Mania - Lionel Shriver

 


Oh my, this is delicious! Shriver at her outspoken best! A dystopian alternate timeline novel, from 2011 to 2027, that could be a parable for our times. Astute, perceptive the story demonstrates what can happen when one point of view is taken to its limits by a minority and spirals out of controlled control! 

Here, it is intelligence that is for the chopping board!! Mental Parity is the new buzzword, the correct PC term for a whole nation. It basically means that everyone’s brains are equal, there is no such thing as a clever person or a stupid one.  Anyone can do any job they fancy. All references to anyone being dumb or stupid together with a whole lexicon of forbidden terms carry sanctions.

 

The central character is Pearson Converse and what a delightful play on words than name is! I also thought that the character may have much in common with Lionel Shriver herself!  Forgive me if I’m wrong! ’d prefer not to give too much away. But Pearson, having been raised by Jehovah’s Witnesses and subject to that extreme dogma, manages to escape it but then finds herself in the middle of a different regime that still threatens her freedom. 

 

Her best friend Emory Ruth is one of those ubiquitous folks who runs with the herd, to fit in maybe, to have an easier life perhaps, in Emory’s case much is to further her career, but will happily change opinion when the tide turns, an archetypal hypocrite.

 

Pearson Converse is no sheep, but she pays a heavy price for refusing to embrace the Mental Parity ideology. 

 

Shriver is an erudite author, and I got the feeling that much of this book was an eloquent expression of her own disquiet with the world as it is today.
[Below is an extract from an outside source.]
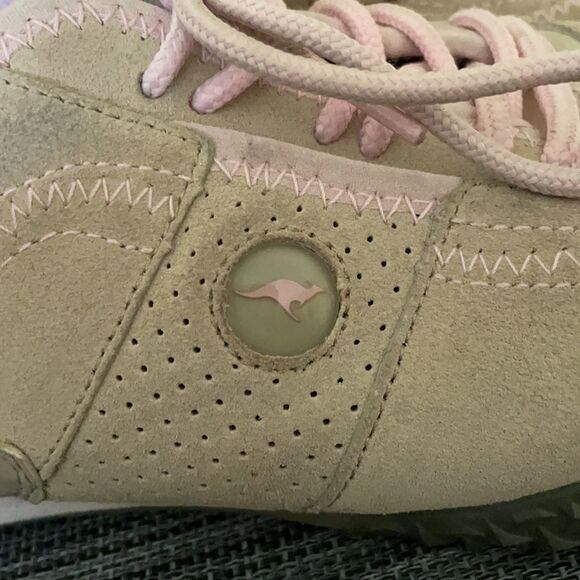 KangaROOS Casey Sneaker Sz 8 Tan and Pink - Picture 3 of 6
It is set in the US so some of the politics may be elusive for readers across the pond but the points being made are not elusive in the least. 

 

It's a tour de force with some humour but much latent anger. Shriver’s vocabulary is to be envied, it’s expansive and intelligent. But the book may be divisive. I imagine some book groups will enjoy some heated discussions!

It is thought provoking too and I hope it is not prophetic.

 

My thanks to Readers First where I was lucky enough to win a copy in one of their draws.